■ GOAL OF THE EXERCISE
Look through the data below for the line with "interior space featuring", and transcribe it exactly together with each line after it up to and including the line with "Indoor sports bar". Give nothing else.

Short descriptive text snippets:
*** Begin section ***

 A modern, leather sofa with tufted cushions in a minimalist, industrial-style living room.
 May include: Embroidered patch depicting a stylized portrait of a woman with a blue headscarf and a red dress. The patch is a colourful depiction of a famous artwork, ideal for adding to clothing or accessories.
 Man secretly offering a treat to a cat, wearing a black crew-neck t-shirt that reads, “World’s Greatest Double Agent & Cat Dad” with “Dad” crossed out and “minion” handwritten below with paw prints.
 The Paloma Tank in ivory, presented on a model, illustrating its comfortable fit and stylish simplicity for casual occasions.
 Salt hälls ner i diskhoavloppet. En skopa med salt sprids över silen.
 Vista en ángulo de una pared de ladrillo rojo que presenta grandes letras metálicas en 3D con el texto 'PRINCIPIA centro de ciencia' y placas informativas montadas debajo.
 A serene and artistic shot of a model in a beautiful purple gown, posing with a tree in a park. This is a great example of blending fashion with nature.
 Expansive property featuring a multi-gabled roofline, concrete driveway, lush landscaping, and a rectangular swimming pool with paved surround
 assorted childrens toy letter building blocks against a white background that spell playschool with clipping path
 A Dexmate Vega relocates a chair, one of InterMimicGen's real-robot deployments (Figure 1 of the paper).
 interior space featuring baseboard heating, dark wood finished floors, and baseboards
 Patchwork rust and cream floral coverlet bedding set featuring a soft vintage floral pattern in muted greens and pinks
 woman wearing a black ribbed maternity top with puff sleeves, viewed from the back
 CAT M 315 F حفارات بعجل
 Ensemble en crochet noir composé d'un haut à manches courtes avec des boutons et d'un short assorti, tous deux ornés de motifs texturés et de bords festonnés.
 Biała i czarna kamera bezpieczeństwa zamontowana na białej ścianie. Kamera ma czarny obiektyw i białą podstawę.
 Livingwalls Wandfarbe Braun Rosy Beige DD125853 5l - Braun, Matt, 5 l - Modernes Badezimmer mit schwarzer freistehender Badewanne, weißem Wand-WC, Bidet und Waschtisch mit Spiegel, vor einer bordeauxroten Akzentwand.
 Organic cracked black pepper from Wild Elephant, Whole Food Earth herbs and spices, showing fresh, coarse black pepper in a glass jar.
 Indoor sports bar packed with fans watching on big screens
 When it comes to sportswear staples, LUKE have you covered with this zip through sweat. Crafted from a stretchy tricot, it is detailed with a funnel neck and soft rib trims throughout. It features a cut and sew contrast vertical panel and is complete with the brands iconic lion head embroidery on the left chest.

*** End section ***

■ RESULT
 interior space featuring baseboard heating, dark wood finished floors, and baseboards
 Patchwork rust and cream floral coverlet bedding set featuring a soft vintage floral pattern in muted greens and pinks
 woman wearing a black ribbed maternity top with puff sleeves, viewed from the back
 CAT M 315 F حفارات بعجل
 Ensemble en crochet noir composé d'un haut à manches courtes avec des boutons et d'un short assorti, tous deux ornés de motifs texturés et de bords festonnés.
 Biała i czarna kamera bezpieczeństwa zamontowana na białej ścianie. Kamera ma czarny obiektyw i białą podstawę.
 Livingwalls Wandfarbe Braun Rosy Beige DD125853 5l - Braun, Matt, 5 l - Modernes Badezimmer mit schwarzer freistehender Badewanne, weißem Wand-WC, Bidet und Waschtisch mit Spiegel, vor einer bordeauxroten Akzentwand.
 Organic cracked black pepper from Wild Elephant, Whole Food Earth herbs and spices, showing fresh, coarse black pepper in a glass jar.
 Indoor sports bar packed with fans watching on big screens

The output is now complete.